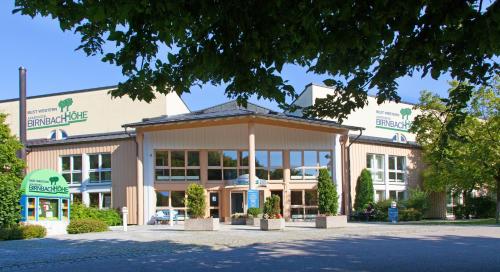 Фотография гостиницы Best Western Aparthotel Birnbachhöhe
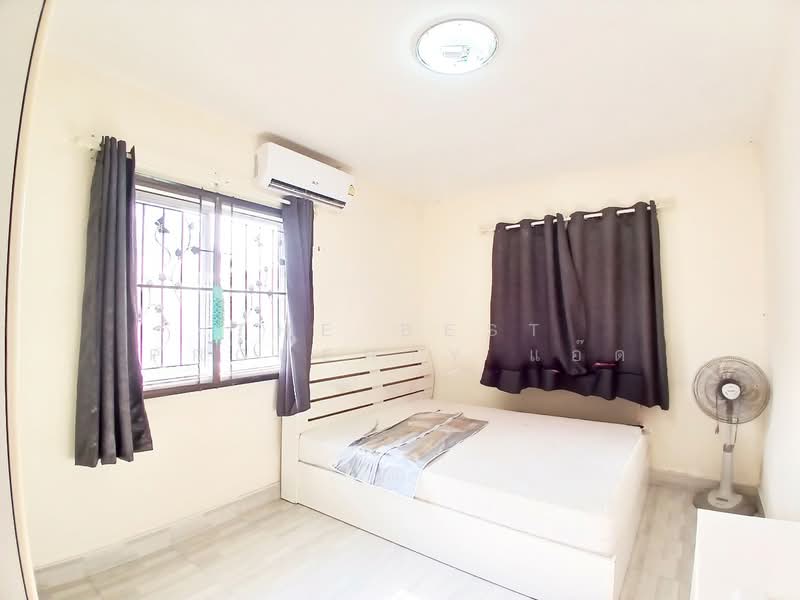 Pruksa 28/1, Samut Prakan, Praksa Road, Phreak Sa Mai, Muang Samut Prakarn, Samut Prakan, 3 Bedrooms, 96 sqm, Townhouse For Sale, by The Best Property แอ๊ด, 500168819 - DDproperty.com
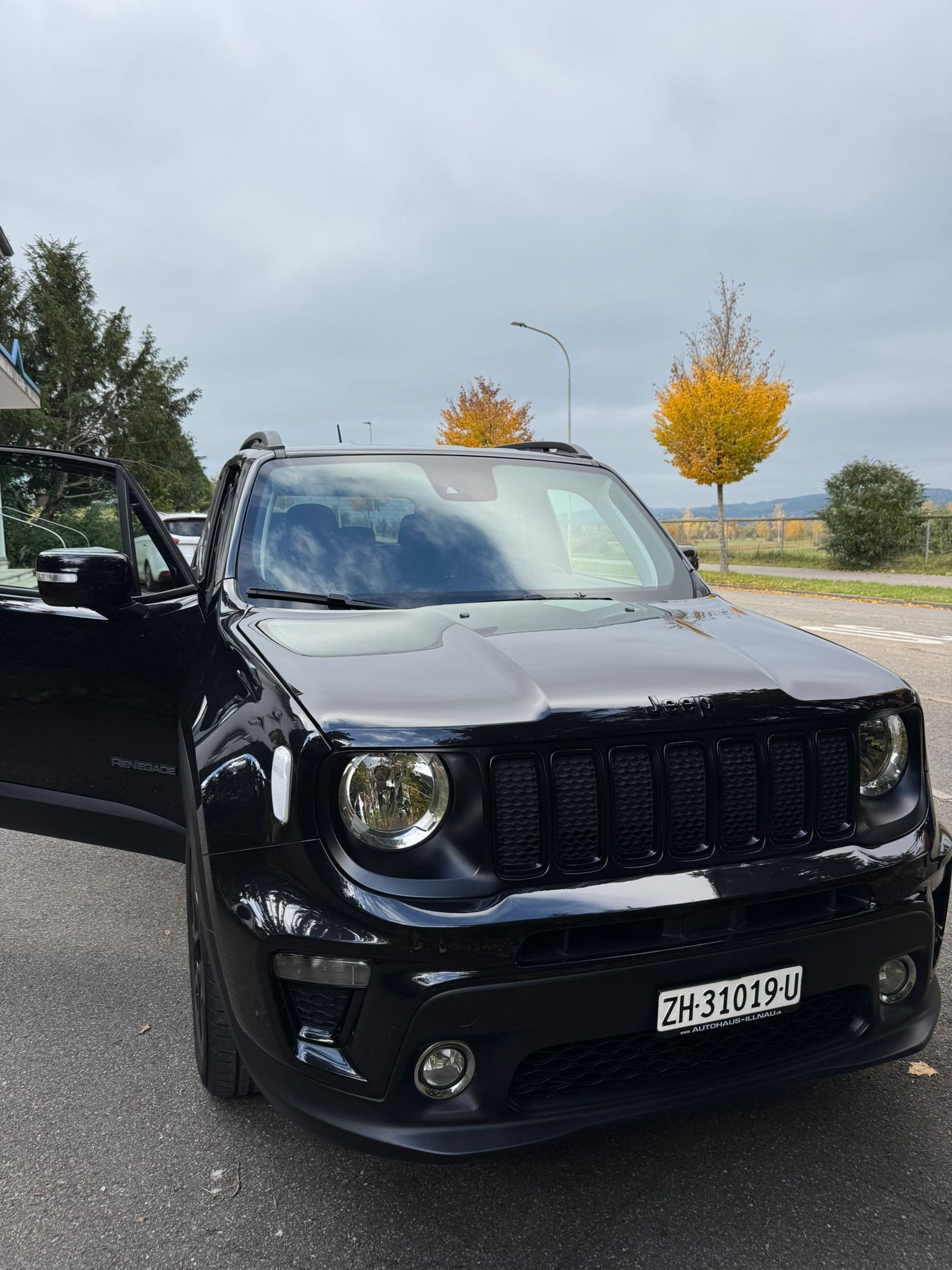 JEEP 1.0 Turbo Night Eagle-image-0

> [Your goal]: The answer must be the full listing, restated word for word, with no pictures in it.

> [Exercise solution]:
 Фотография гостиницы Best Western Aparthotel Birnbachhöhe
 Pruksa 28/1, Samut Prakan, Praksa Road, Phreak Sa Mai, Muang Samut Prakarn, Samut Prakan, 3 Bedrooms, 96 sqm, Townhouse For Sale, by The Best Property แอ๊ด, 500168819 - DDproperty.com
 JEEP 1.0 Turbo Night Eagle-image-0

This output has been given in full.